Milad Muhammadiyah, Ini Pesan Haedar Nashir untuk Seluruh Kader
Muhammadiyah memandang, kepemimpinan yang ideal haruslah tidak bersifat jumud.
REPUBLIKA.CO.ID, JAKARTA -- Ketua Umum Pimpinan Pusat (PP) Muhammadiyah Prof Haedar Nashir menyampaikan, milad ke-112 merupakan sebuah momentum untuk refleksi. Hal itu dilakukan dalam rangka evaluasi (muhasabah) dan sekaligus proyeksi (maudhu'ah) atas seluruh program serta gerakan yang dilakukan Persyarikatan sejauh ini.
Gerakan Islam ini, menurut Haedar Nashir, tidak kenal lelah dalam upaya memakmurkan kehidupan umat, bangsa, dan dunia kemanusiaan universal. Melalui lini pendidikan, kesehatan, sosial, ekonomi, dan seluruh praksis usahanya selama ini, Muhammadiyah membuktikan orientasi pada ikhtiar memakmurkan bangsa dan negara Indonesia.
Demikian halnya dengan seluruh usaha yang dilakukan 'Aisyiyah maupun seluruh komponen di lingkungan Persyarikatan. Semuanya bergerak untuk mewujudkan kemakmuran kehidupan umat, bangsa, dan kemanusiaan semesta yang berorientasi rahmatan lil ‘alamin.
"Kemakmuran dalam dimensi kesejahteraan dan kemajuan yang bersifat utuh dan menyeluruh, yakni lahir dan batin, material dan spiritual, serta duniawi dan ukhrawi," ujar Haedar Nashir dalam pidato milad ke-112 Muhammadiyah, Senin (18/11/2024).
Agar kesinambungan dapat terus terjaga, peran pemimpin menjadi esensial di lingkungan Persyarikatan. Haedar mengingatkan, kepemimpinan yang ideal harus selalu hadir di seluruh tubuh Muhammadiyah, mulai dari level pusat, daerah, cabang dan ranting hingga kader per kader.
Ini pun sudah digariskan KH Ahmad Dahlan sebagai pendiri Muhammadiyah. Menurut sosok yang berjulukan Sang Pencerah itu, pemimpin Muhammadiyah dituntut menjadi pemimpin kemajuan Islam.
Artinya, jelas Haedar, pemimpin yang menghidupkan akal pikiran; sosok yang mampu membedakan antara petunjuk dan kejahiliyahan. Tak kalah penting, pribadi yang berkomitmen menjadikan Islam agama yang bercahaya.
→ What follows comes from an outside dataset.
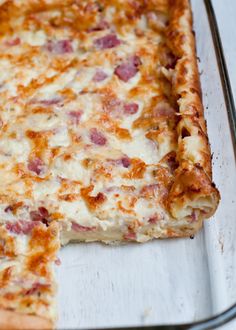 a square pizza sitting on top of a metal pan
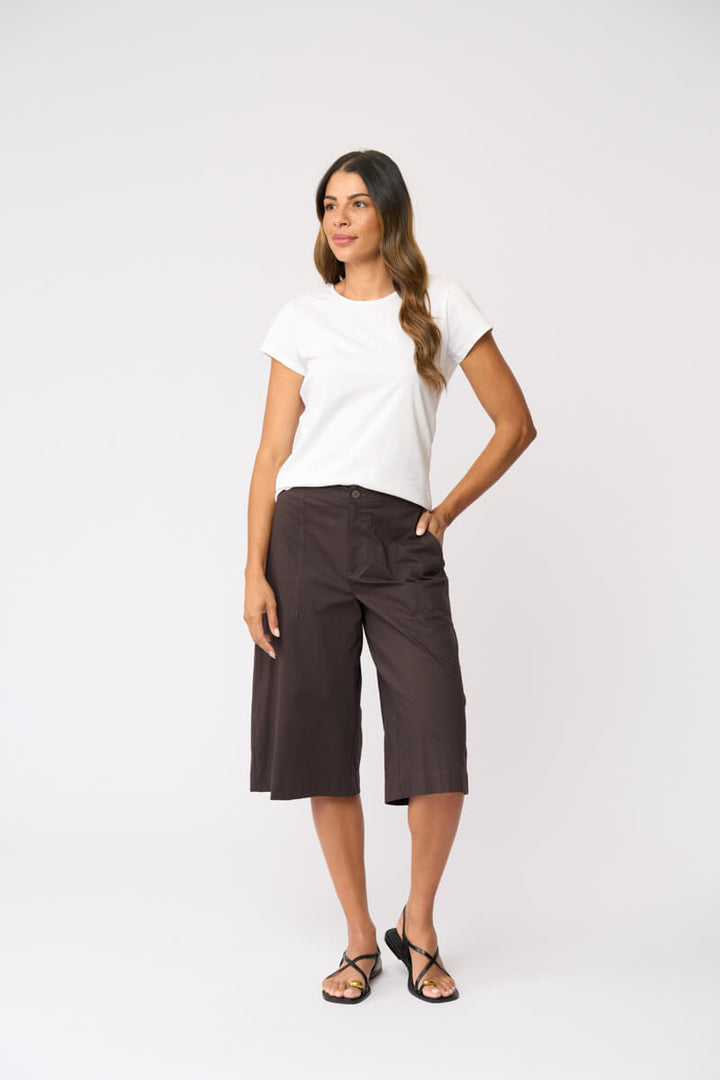 Foil clothing modeling a white short-sleeve t-shirt and dark brown wide-leg cropped pants with black strappy sandals, standing against a light gray studio background.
"Menurut pendiri Muhammadiyah, 'Agama itu pada mulanya bercahaya, berkilau-kilauan, akan tetapi makin lama makin suram, padahal yang suram bukan agamanya, akan tetapi manusianya yang memakai agama,'" ujar Haedar mengutip perkataan KH Ahmad Dahlan.
"Agama adalah sumber nilai pencerahan yang membangun akhlak mulia dan menebar rahmat bagi semesta alam. Bukan keberagamaan yang jumud, konservatif, dan anti kehidupan," demikian pesan guru besar Universitas Muhammadiyah Yogyakarta (UMY) itu.
Sesuai dengan Risalah Islam Berkemajuan, karakter kepemimpinan yang ideal bercirikan profetik dan transformatif. Kepemimpinan ini meneladan Nabi Muhammad SAW yang berhasil membangun peradaban Madinah al-Munawwarah sebagai tonggak bangunan kejayaan Islam.
Kepemimpinan model Islam tersebut dipraktikkan oleh Kiai Dahlan dalam Muhammadiyah sebagai Gerakan Islam Berkemajuan yang bercorak modernis dan reformis. Ini dapat
menjawab serta memberi solusi alternatif atas masalah dan tantangan zaman.